Bissingen/Lks. Donau-Ries - Steigende Energiepreise sind seit Jahren zu beobachten, infolge des Ukrainekriegs eskalierten die Preise für Gas und Strom und brachten auch die landwirtschaftlichen Erzeuger in Bedrängnis. Hannes Geitner, Fachberater für Landtechnik und erneuerbare Energien beim AELF Nördlingen-Wertingen, möchte die Krise als Chance genutzt sehen, und präsentierte in seinem Vortrag auf dem Nordschwäbischen Milchviehtag betriebliche Optimierungs- und Entwicklungsmöglichkeiten für Landwirte.

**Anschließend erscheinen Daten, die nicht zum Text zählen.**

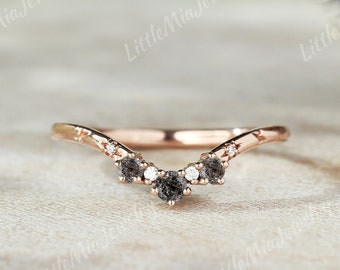 Unique Salt and Pepper Diamond Ring Rose Gold  Moissanite Curved Wedding Band Diamond Stacking Matching Promise Wedding Rings For Women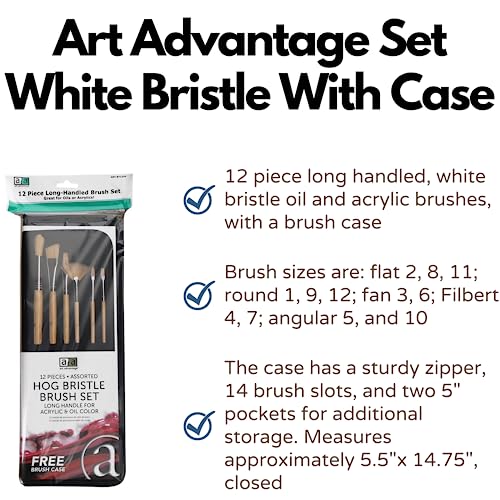 Art Advantage Brush Set White Bristle 12pc - Thumbnail 2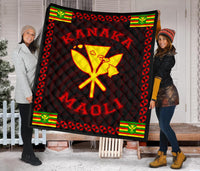 Kanaka Maoli Flag Polynesian Premium Quilt Red - Love Style Red - Polynesian Pride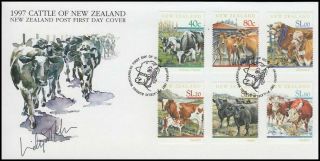 Zealand 1997 Cattle Fdc Signed Designer Lindy Fisher (id:14/d55842)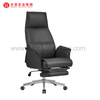 Chaise de bureau exécutive en cuir noir avec repose-pieds, chaises de bureau professionnelles pivotantes à dossier haut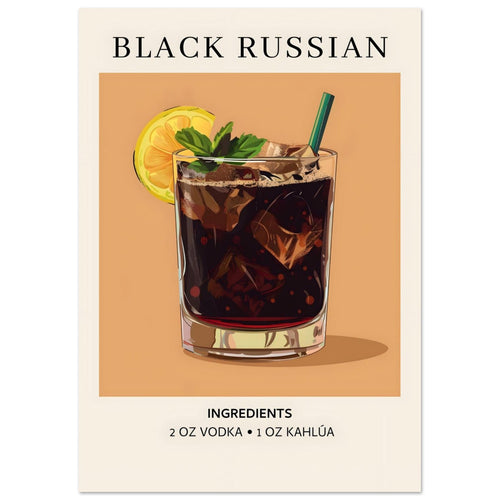 Artfulprints  Black Russian cocktail - Ingrediënten   poster A4 21x29.7 cm - vtwonen shop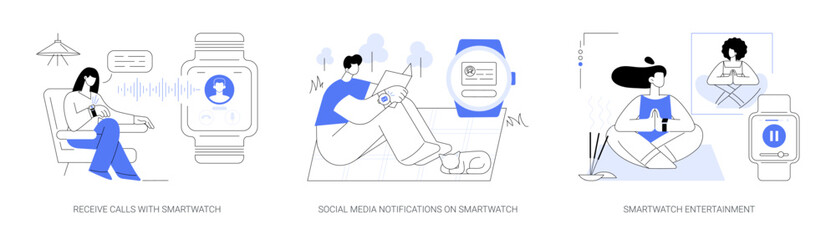 Smartwatch online communication abstract concept vector illustrations.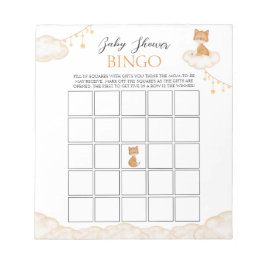 Orange Niedlich Fox Babydusche Bingo Notepad Notizblock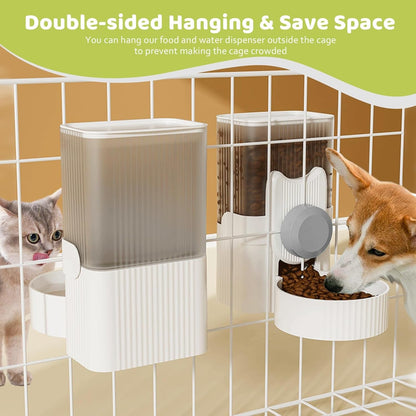 Hanging Cage Automatic Small Pet Food Bowl Water Bottle Dispenser, 1L Auto Gravity Pet Feeder and Waterer Set Kennel Feeding Station Crate Feeder Dish for Rabbit Puppy Cats Ferret (Grey)3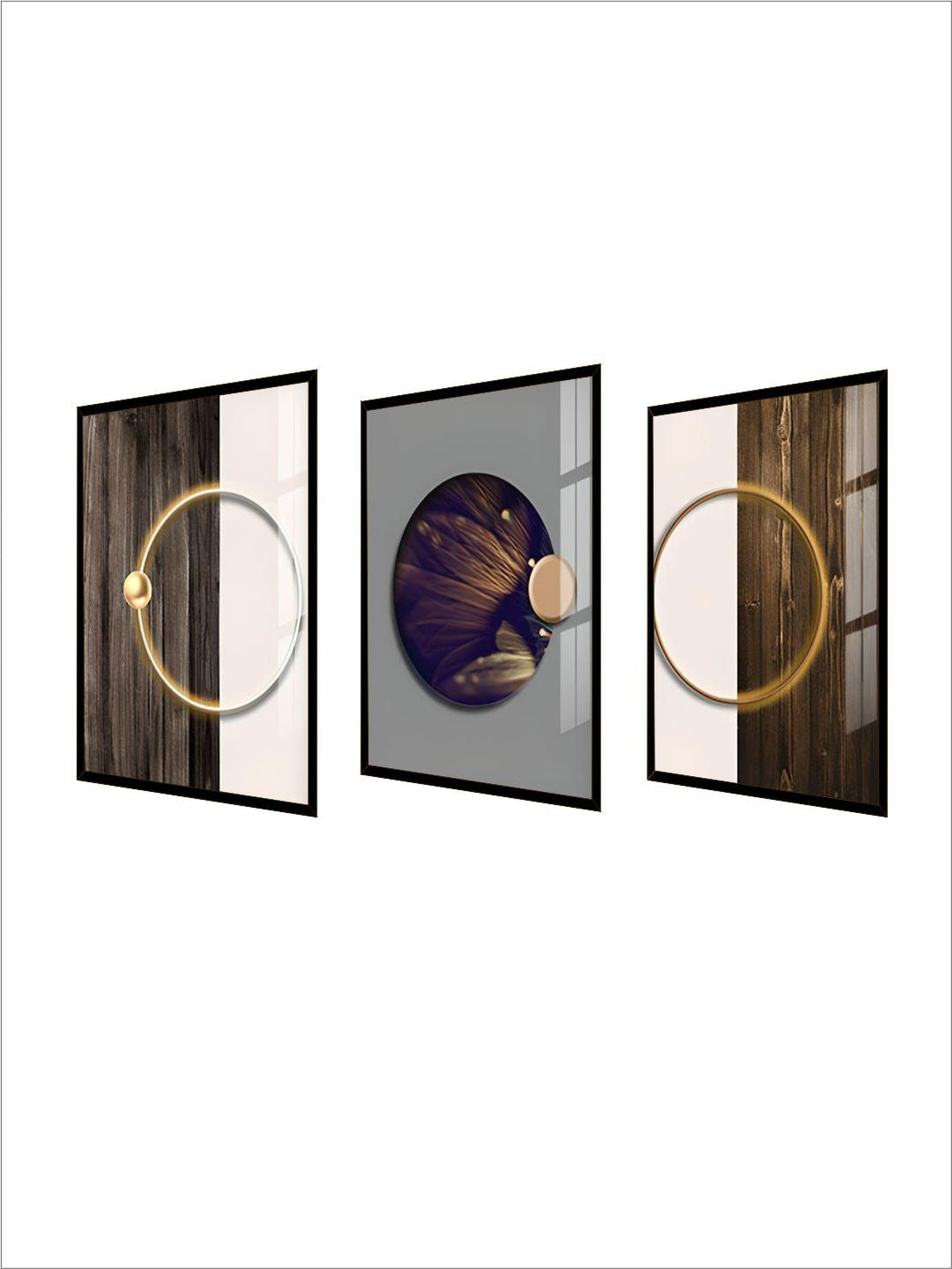 Modern Aesthetics Golden Ring Of Light On Wood Abstract Wall Art Fine Art Canvas Prints Pictures For Modern Home Office Interior Decor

„Unser Stromverbrauch wird dank Wärmepumpen und E-Autos weiter ansteigen“, prognostiziert Geitner. Eine mittelfristige Stabilisierung des Strompreises setze den massiven Zuwachs erneuerbarer Energien voraus. Der Ausbau der dafür benötigten Stromnetze werde einen Anstieg der Netzentgelte zur Folge haben. Ähnlich werden sich die Gaspreise 2023 voraussichtlich einpendeln, aber durch die steigende CO2-Abgabe wieder in die Höhe getrieben. Auch wenn sich die Energiemärkte also beruhigen, werden staatliche Entgelte dem Preisverfall entgegenwirken. Ein guter Grund für Landwirte, die Seiten zu wechseln und von Energiekonsumenten zu -produzenten zu werden.

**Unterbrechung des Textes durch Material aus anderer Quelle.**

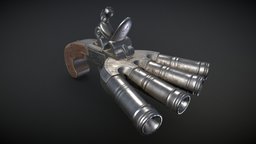 Box Lock Duck Foot Flintlock Pistol flintlock, musket, forgotten, blackpowder, duckfoot, weapon, weapons, gun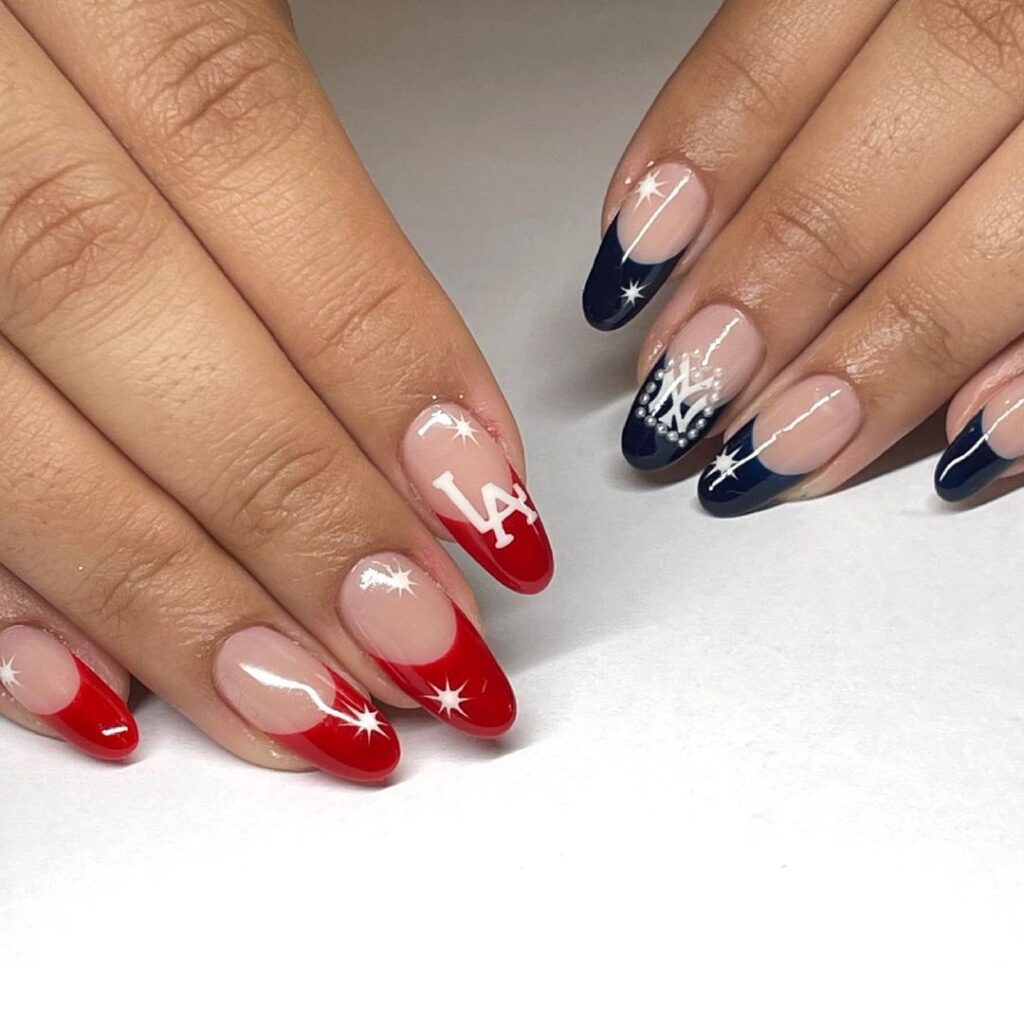 inspiration nail art dodgers ou yankees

Steigenden Kosten mit Eigenstromversorgung begegnen
Ein Weg, den Geitner mit Praxisbeispielen belegte, ist die PV-Eigenstromversorgung. Als Beispiel diente ein Laufstall-Neubau aus dem Jahr 2017 mit starker Automatisierung, einem Stromverbrauch von 100 000 kWh/Jahr und ca. 10 kW Dauerlast. Mittels einer 50-kWp-PV-Anlage und Investitionskosten von 60 000 € konnte der Landwirt einen Stromertrag von 1050 kWh/kWp erzielen und eine Autarkie von 32 % (im Sommer von fast 50 %) erreichen, ca. 70 % des PV-Stroms werden selbst genutzt. Einnahmen und Ersparnis summierten sich im ersten Jahr auf 13 635 €; der Gewinn lag bei 8029 € pro Jahr. Bei geschätzten 6 % Strompreissteigerung und 5 % allgemeiner Teuerungsrate könne der Landwirt mit einer Amortisation seiner Investition nach acht Jahren rechnen.

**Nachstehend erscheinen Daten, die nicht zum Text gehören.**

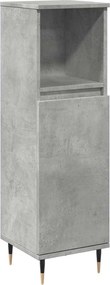 vidaXL Dulap de baie, gri beton, 30x30x100 cm, lemn prelucrat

Wärmeverkauf bei Ortslage des Betriebes
Für Hofstellen in Ortslage biete sich der Wärmeverkauf an. Kurze Wege seien wichtig, um die Tiefbaukosten niedrig zu halten. Als Beispiel führte Geitner einen Kälberaufzucht- und Färsenmastbetrieb mit ca. 60 GV an, der, mitten im Dorf gelegen, keine Entwicklungsperspektive hatte. Mit dem Wärmeverkauf schuf sich der Landwirt einen Nebenverdienst. Arbeiten fallen vor allem im Winter an, wenn in der Landwirtschaft wenig zu tun ist. Basis für das Projekt waren der Anschluss von elf Häusern und ein gemeldetes Heizöläquivalent/Jahr von 25 100 Litern. Realisiert wurde der Neubau eines Heizgebäudes mit Garage und Werkstatt und einem 2 x 120 kW HS-Kessel bei Investitionskosten von 126 000 €. Ein Projekt, das sich mit der Zeit entwickeln kann: Inzwischen wurde die Anlage um 18 Abnehmer erweitert, darunter fünf Wohnblöcke.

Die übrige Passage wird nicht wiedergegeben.